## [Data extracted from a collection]
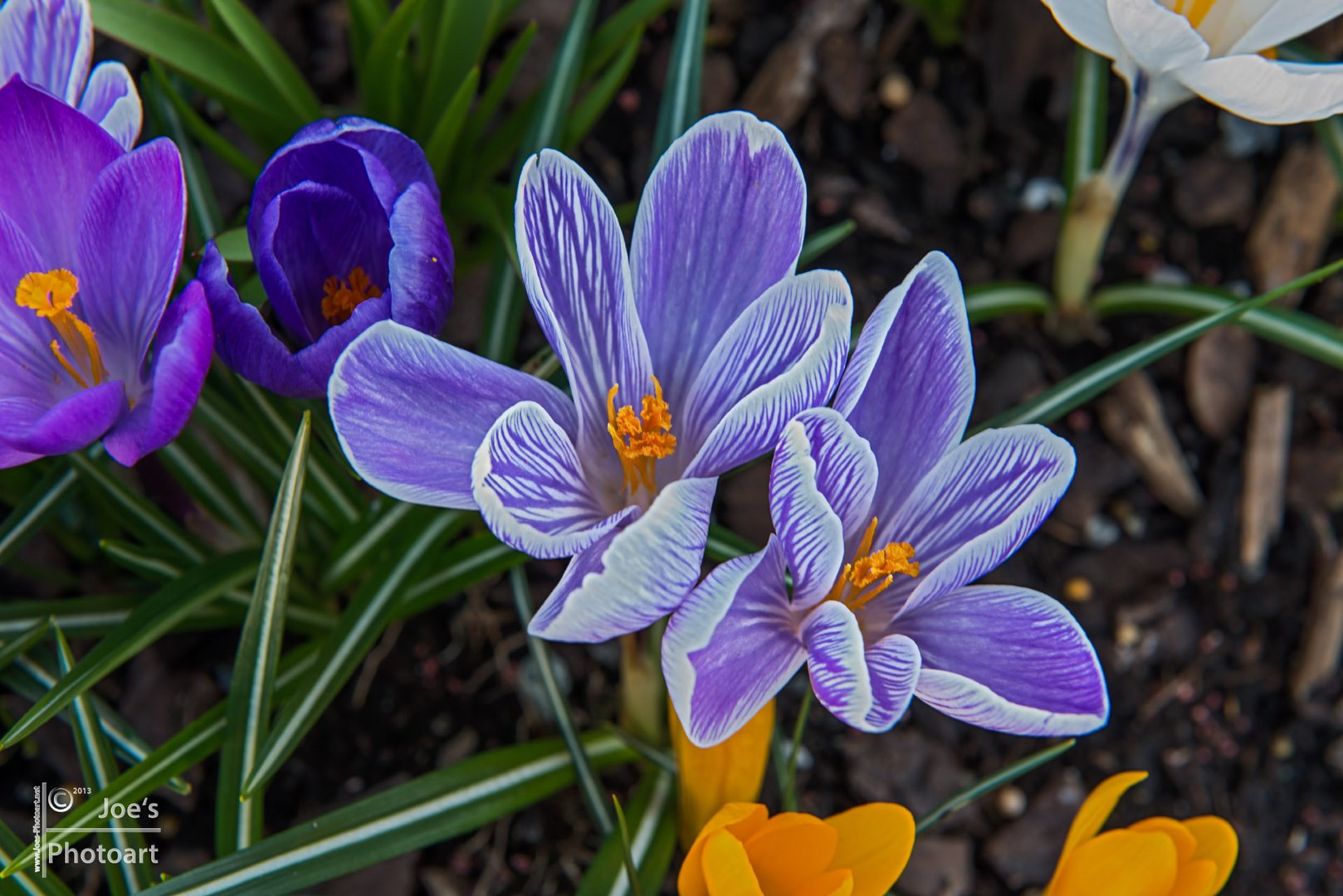 Endlich Frühling.....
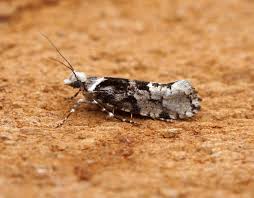 Attēlu rezultāti vaicājumam “Ypsolopha sequella”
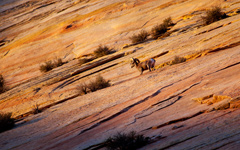 High-resolution desktop wallpaper Desert Bighorn by Philippe Clairo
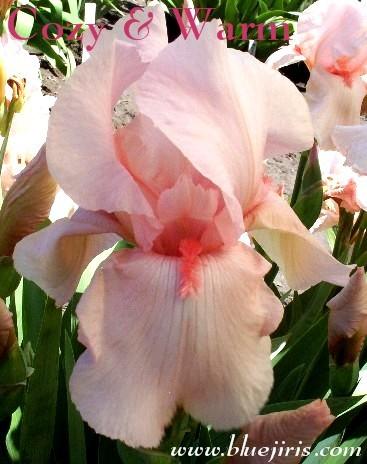 Photo of Tall Bearded Iris (Iris 'Cozy and Warm') uploaded by Calif_Sue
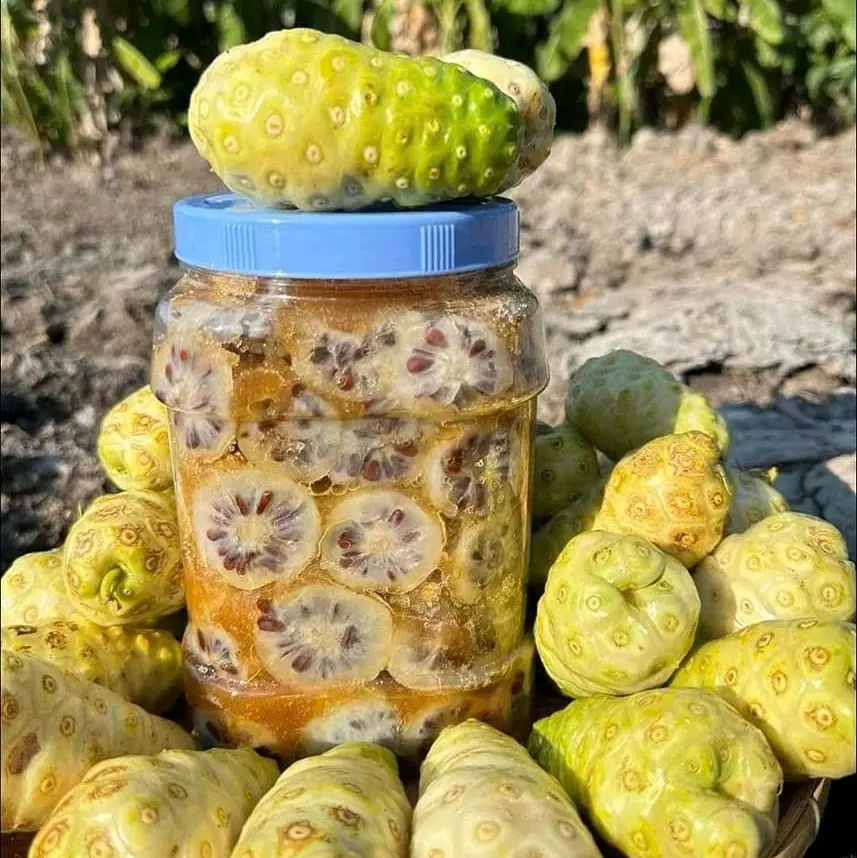 Nhàu nhâm đường cát vàng mật mía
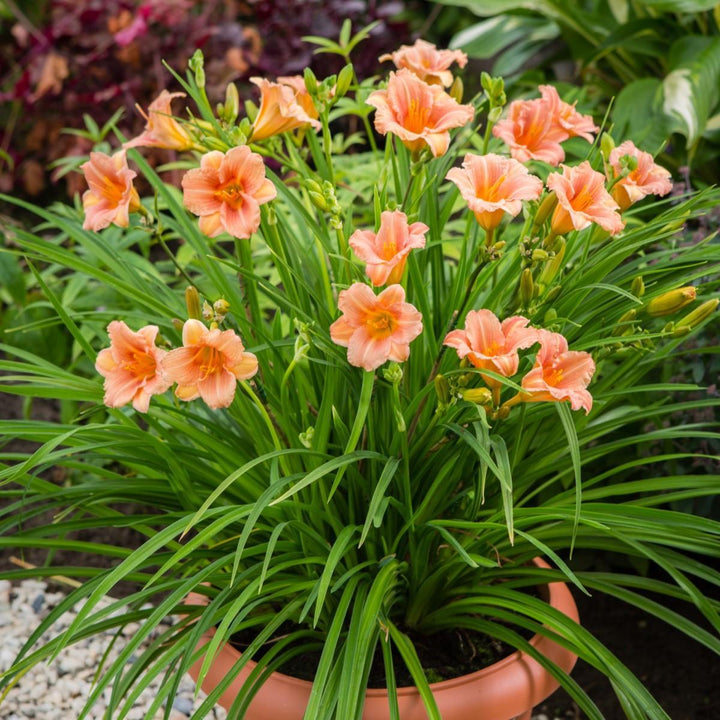 Hemerocallis 'VER0021' ~ EveryDaylily® Pink Wing Daylily-ServeScape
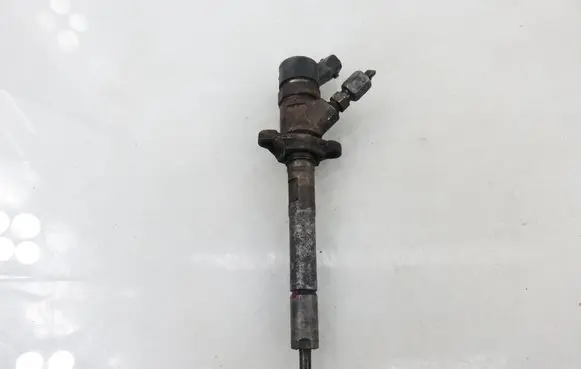 Citroen C4 I Fuel injector 0445110239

## [REQUIREMENT]
Your task is to transcribe all of the records precisely, with no images included.

## [SOLUTION TO THIS PROBLEM]
 Endlich Frühling.....
 Attēlu rezultāti vaicājumam “Ypsolopha sequella”
 High-resolution desktop wallpaper Desert Bighorn by Philippe Clairo
 Photo of Tall Bearded Iris (Iris 'Cozy and Warm') uploaded by Calif_Sue
 Nhàu nhâm đường cát vàng mật mía
 Hemerocallis 'VER0021' ~ EveryDaylily® Pink Wing Daylily-ServeScape
 Citroen C4 I Fuel injector 0445110239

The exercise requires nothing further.